Life is endless, has neither beginning nor end; and a universe is in no wise different in essentials from a man . . .
Consider the stars and the planets: every one of them is a life-atom in the cosmic body; every one of them is the organized dwelling place of a multitude of smaller life-atoms which build up the brilliant bodies we see. Moreover, every sparkling sun which begems the skies was at one time a man, or a being equivalent to a human, possessing in some degree self-consciousness, intellectual power, conscience and spiritual vision, as well as a body. And the planets and the myriads of entities on the planets encircling any such cosmic god, any such star or sun, are now the same entities who in far bygone cosmic manvantaras [cycles of manifestation] were the life-atoms of that entity. (p. 112)
And right now, he tells us, we are "affecting the destiny of the suns and planets of the future," for when we in turn shall have become suns, "then the nebulae and the suns around us will be evolved entities who now are our fellow human beings. Consequently the karmic relations that we have with each other on earth . . . will most assuredly affect their destiny as well as our own."
Science fiction, or reality? We can respond or not, as we will, but once a vision such as this claims the soul, can it ever leave one? Banish it as we may try, it will work its alchemy in the quiet.

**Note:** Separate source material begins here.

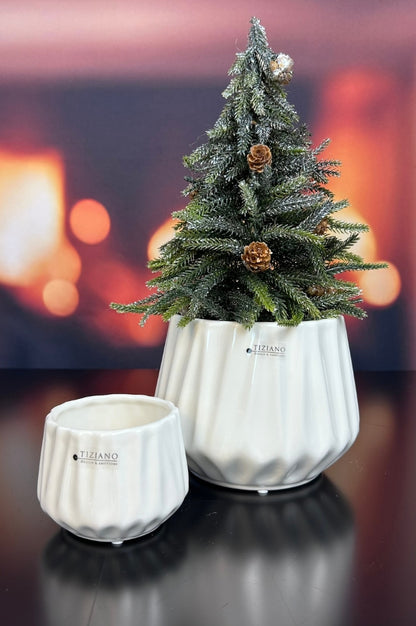 Kübel Siena creme-weiß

Clearly, in this book "incomparable things" have been said "incomparably well" and with largeness of compassion. More than all else, its underlying philosophy can be an "opener of the ways of the heart," to use an old Egyptian phrase — an opening of the soul to renewed hope, to a strengthening of courage, and to a deeper perception of life's meaning as we seek to reclaim the wisdom that is inherently ours.